Напомню: гипнотическая книга, из которой тянутся нити в спектакль, состоит из сказок страшно разговорчивой девушки Шахерезады. Три с лишним года, больше тысячи ночей, она рассказывала до утра персидскому царю Шехрияру сказки. У того, как у маньяка, пунктик. Он когда-то был разочарован неверностью своей жены - но ладно бы ее одну, он стал казнить по очереди всех своих наложниц по утрам. Дочь визиря Шахерезада в древней книге, как сознательный борец за женские права, добровольно напросилась к нему на ночь. И оказалось, умной женщине нетрудно манипулировать мужчинами-деспотами: надо лишь уметь рассказывать им сказки. Шахерезада, к слову, и жива осталась, и трижды родила за эти три волшебных года. Но это в книге.

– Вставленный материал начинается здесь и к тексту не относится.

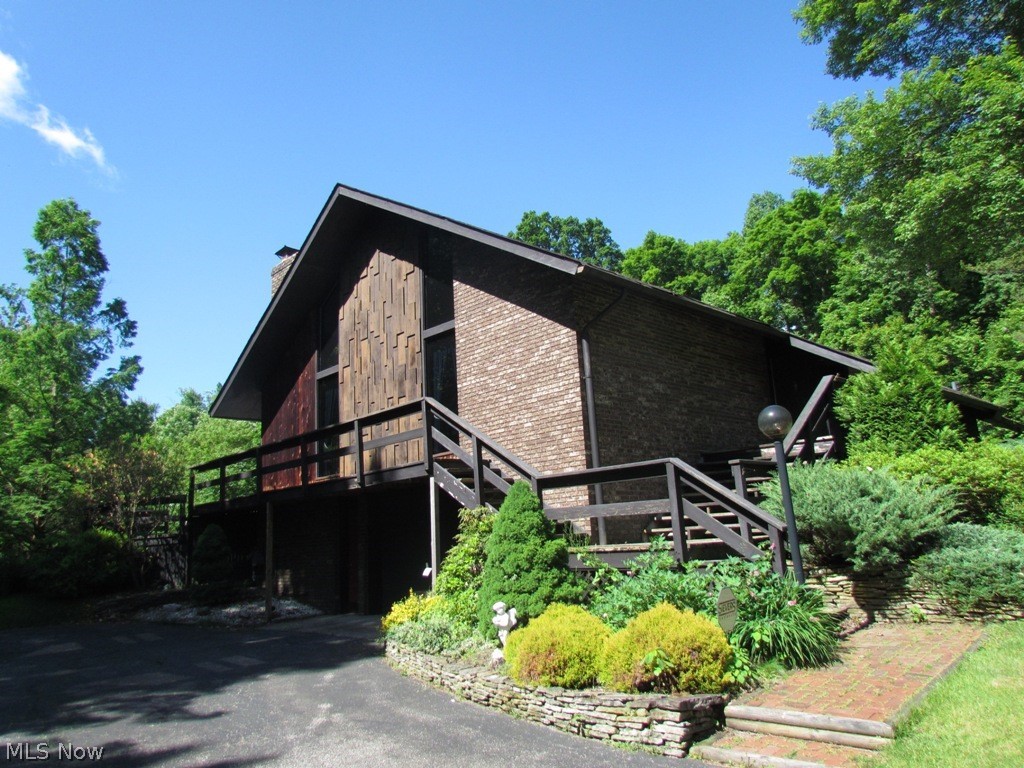 12215 Snow Road Burton, OH 44021 - Photo 1 of 35 Front and side view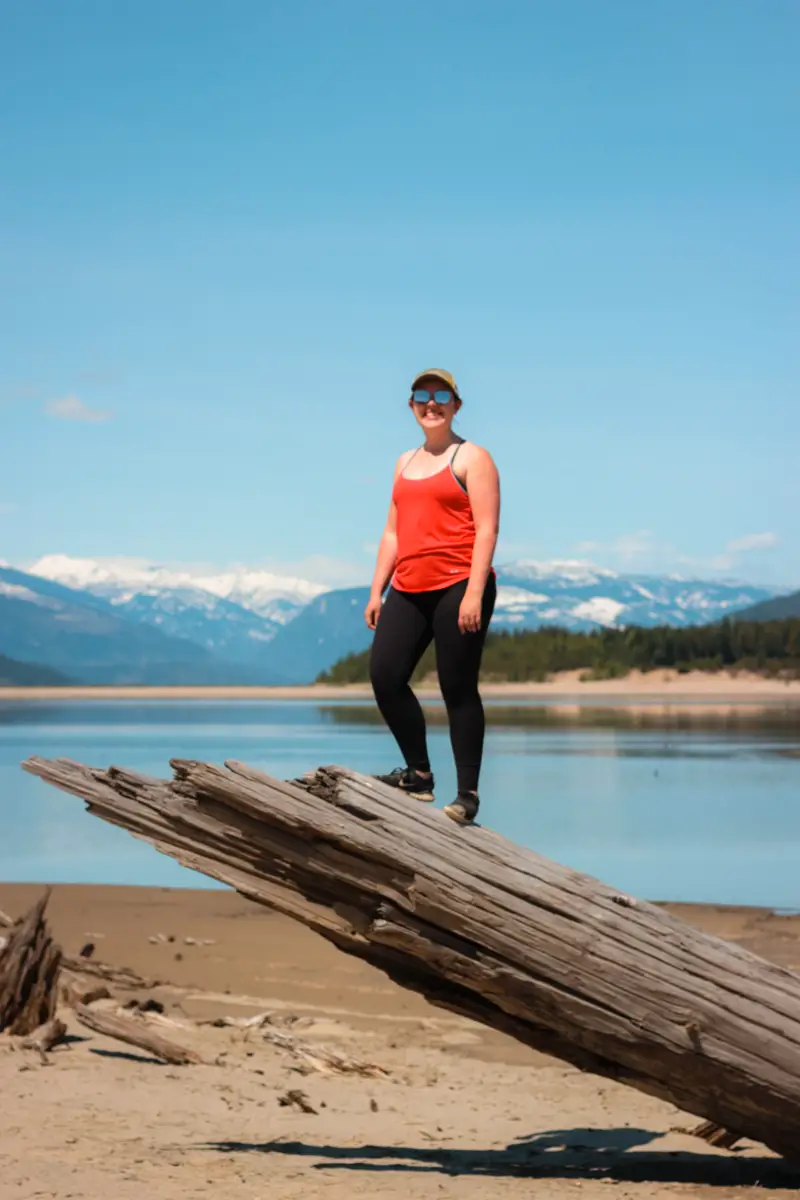 Woman in red tank top and hat stands on a large piece of driftwood on Arrow Lake.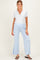 woman wearing a gray henley maternity top and light blue maternity pants with side slits, standing and smiling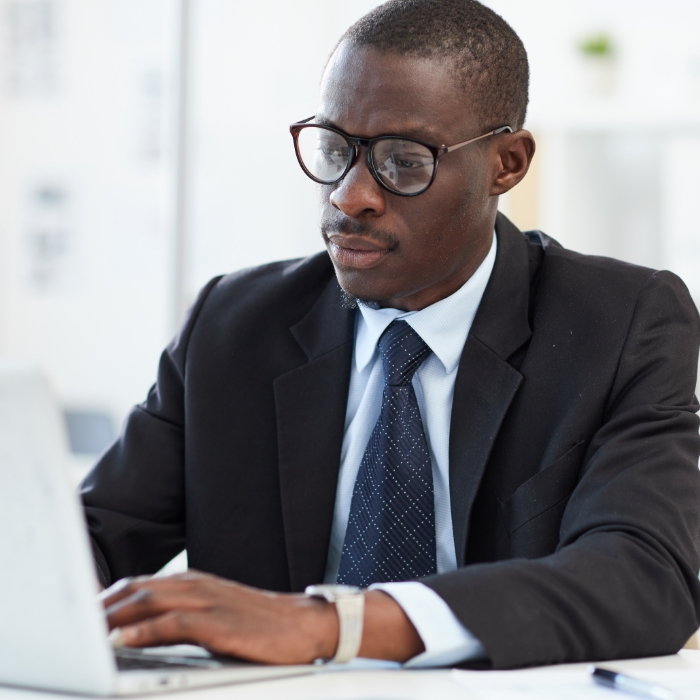 Man wearing glasses using a laptop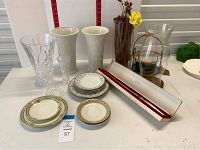 Full lot overview showing vases, plates, glassware and knife on display table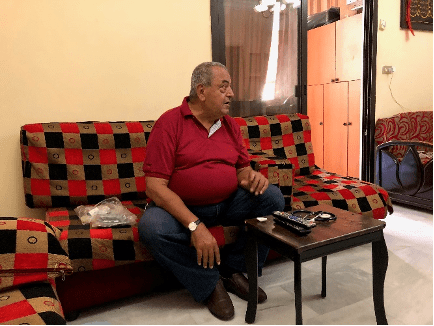 Ibrahim Aoun, an older Lebanese man, sits on a red, black, and brown checkered couch. He wears a red polo shirt as he looks off to the side.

А в спектакле нет ни Шахерезады, ни Шехрияра. Есть два рассказчика (Полина Агуреева и Федор Малышев) в черном - они разведены по сторонам, над головами зрителей их диалоги ударяют воздухом - как вольтова дуга - от одного к другому. Сближаются на авансцене, но едва соприкасаясь. И расходятся опять - лишь нагнетая электричество. Рядом с ними, по левую и правую руку от зрителей, две разделенные части струнного ансамбля: скрипки, альт, виолончели, контрабасы. Собственно действие и начинается с полузаметного движения глаз и медленно развернутой ладони Агуреевой - стекает первый звук, движение смычка.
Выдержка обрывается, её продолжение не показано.